|It doesn't feel like I was prepared myself for.|
I met a man the other week. And yes, I did not give myself much expectations because I knew it in the first place that I am not into him, at all. A string of uneventful things took place prior to our meeting and neither was the weather.
We talked. Somehow I made him talked about himself and kept me on the clear. Much to my relief everything was fine and despite the fact I was not into the mood, I submitted myself onto the after dinner phase.
The kisses tasted like a perfectly roasted meat, without any salt.
I tried to hug him. Slept on top of him. Cuddled him.

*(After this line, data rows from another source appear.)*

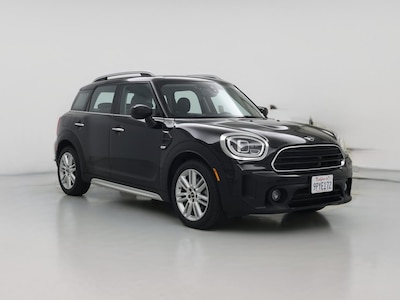 2022 MINI Cooper Countryman Oxford Edition -
                  Sacramento, CA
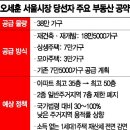 오세훈式 부동산 공급 확대 시동…집값 상승은 딜레마 이미지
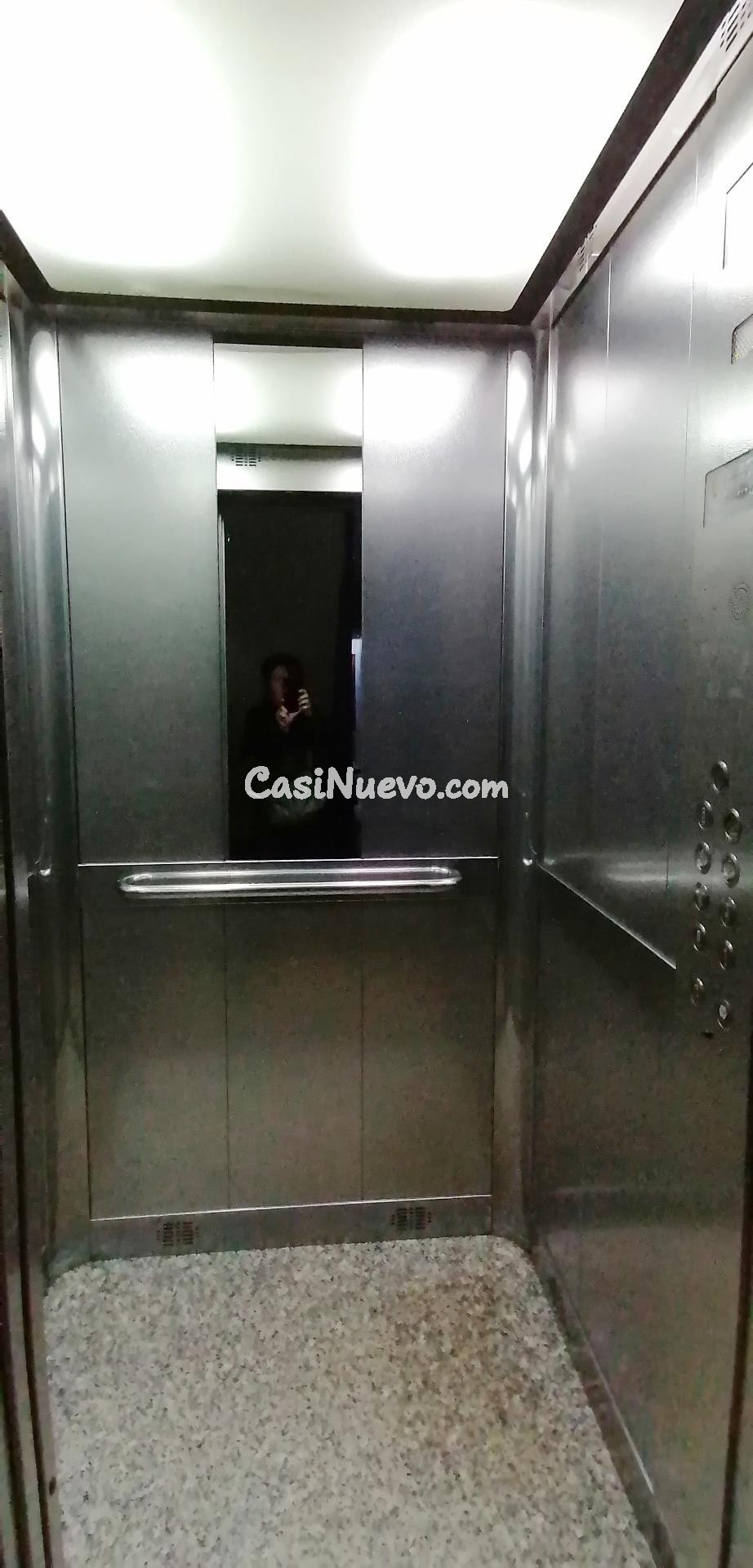 Amplio piso para reformar en el Centro - foto 24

He asked if I'm alrite. He stared at me, looked at me, tried to strip me off from the widening gap I hid behind my unconventional yet sincere smile.

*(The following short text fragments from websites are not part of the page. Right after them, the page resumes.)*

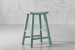 Ryder Wooden Bar Stool - Matt Sage Bar Stools - 2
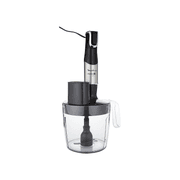 Moulinex Multi Hand Blender, 1200Watts, Black product image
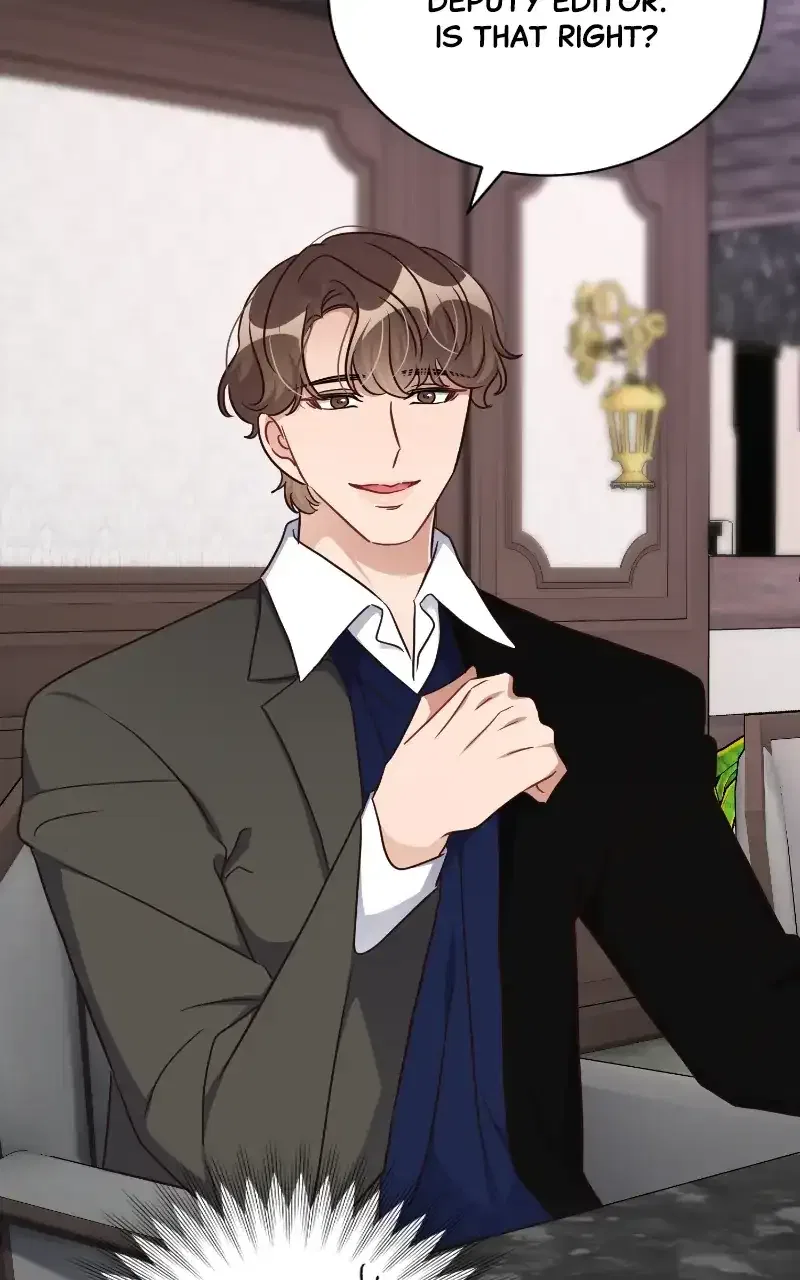 There Is No Perfect Married Couple Chapter 118 – Page 49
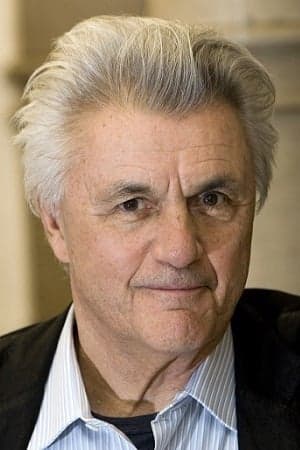 John Irving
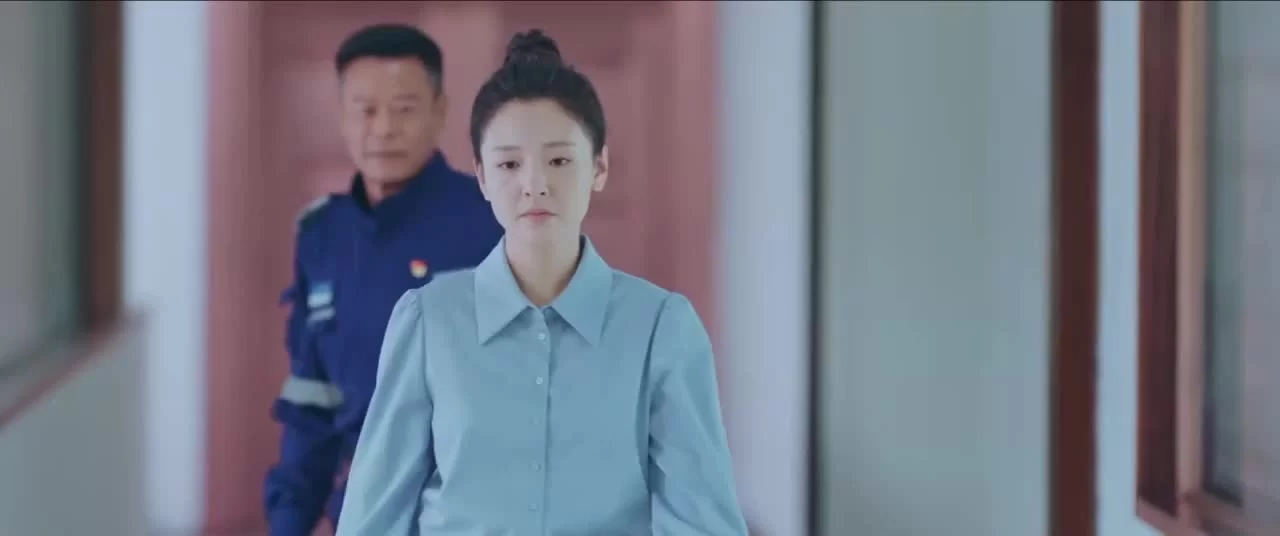 Свет жизни (2022) 12 серия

I let him sleep, peacefully, knowing I have let him down, big time. No words spoken. He kept a content smile. No sex been committed yet I felt loads of big stabs being aimed at my own chest...I felt guilty as hell for no apparent reason.

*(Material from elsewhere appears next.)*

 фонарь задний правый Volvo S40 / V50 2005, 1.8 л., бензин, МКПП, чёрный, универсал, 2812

Maybe, I do because he failed to deliver the feelings. Maybe I do because I felt an overwhelming sense of displace when I slept on his arm...it made me more insecure than ever, guiltier than ever. I felt dirty all over my skin and it was one in the morning. I surrendered to the night, obediently listened to the weak noise from the ceiling fan.
Maybe I wasn't ready to get intimidated by romance. Maybe I was not after gratifying pleasures of one night stand. Maybe I am afraid of getting intimate with someone. There i was naked and slept on my side, tried to recalled things I once highly classified as Romance and it just made me sick to the stomach.
Maybe he is just not the right person.